For further customization, see.
Slots are the app’s memory, used to store pieces of information provided by your user or external data. They can be used to relay data back to the user, record information about the conversation, and influence the direction of the conversation. Slots are also vital to the use of forms.
For more details, see.
Entities are structured pieces of information inside a user message that are commonly used to fill slots. For example, the user message “I’d like it by tomorrow” contains information for the entity delivery_date. Entities-to-be-extracted are indicated (“annotated”) in training data such as stories and an intent’s sample utterances (“I’d like it by [tomorrow] (“delivery_date”)”)
An extracted entity will automatically fill an existing slot of the same name, unless directed otherwise.
Each entity contains values and synonyms. Note that Jargon merges the Rasa concepts of Synonyms and Lookup Tables.
Entities in Rasa are similar to slot types in voice apps.
Regular expressions recognize information in a user message by its format, which can then be mapped to an entity or intent. For example, a RegEx may map any 12-digit number in a user message to an account_number entity.
Not every app needs RegEx.
Custom actions run custom code, for maximum flexibility. Sample uses include API calls and querying databases.
A Story is a sample part of the conversation, with at least one “user says/app responds” (or intent/action) turn. Stories train Rasa's dialog management model to be able to generalize to unforeseen conversation paths. Adding stories makes your app better able to handle the various ways in which a user converses with your app. For more information, visit Rasa's documentation.
All user messages are specified via a step with the “intent:” key and an optional “entities:” key. Intent names must refer to an intent defined in the project’s training data. Entity names must refer to an entity defined in the project as well.
Each action step describes an action taken by the bot. An action step may either be a response, which must start with the prefix utter_, or a custom action, which must start with the prefix action_, or a reference to a form. Note that form actions must be used in conjunction with action_loop steps.
slot_was_set steps indicate when a slot event occurs, either after an intent or after a custom action. Stories do not set slots. The slot must be set by an entity or custom action before the slot_was_set step.

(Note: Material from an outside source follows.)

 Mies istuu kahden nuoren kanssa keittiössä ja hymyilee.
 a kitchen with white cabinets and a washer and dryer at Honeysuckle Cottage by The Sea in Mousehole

Checkpoints are specified with the checkpoint: key, either at the beginning or the end of a story. Checkpoints are ways to connect stories together. They can be either the first or the last step in a story. If they are the last step in a story, that story will be connected to each other story that starts with the checkpoint of the same name when the model is trained.
Checkpoints can help simplify your training data and reduce redundancy in it, but do not overuse them. Using lots of checkpoints can quickly make your stories hard to understand. It makes sense to use them if a sequence of steps is repeated often in different stories, but stories without checkpoints are easier to read and write.
“or” steps are ways to handle multiple intents the same way, without writing a separate story for each intent. For example, if you ask the user to confirm something, you might want to treat the “affirm” and “thankyou” intents in the same way. Stories with or steps will be converted into multiple separate stories at training time. Just like checkpoints, OR statements can be useful, but if you are using a lot of them, it is probably better to restructure your domain and/or intents.
A Rule describes a part of the conversation that should always follow the same path, with at least one “user says/app responds” turn. Unlike stories, rules are prescriptive and should be used with restraint.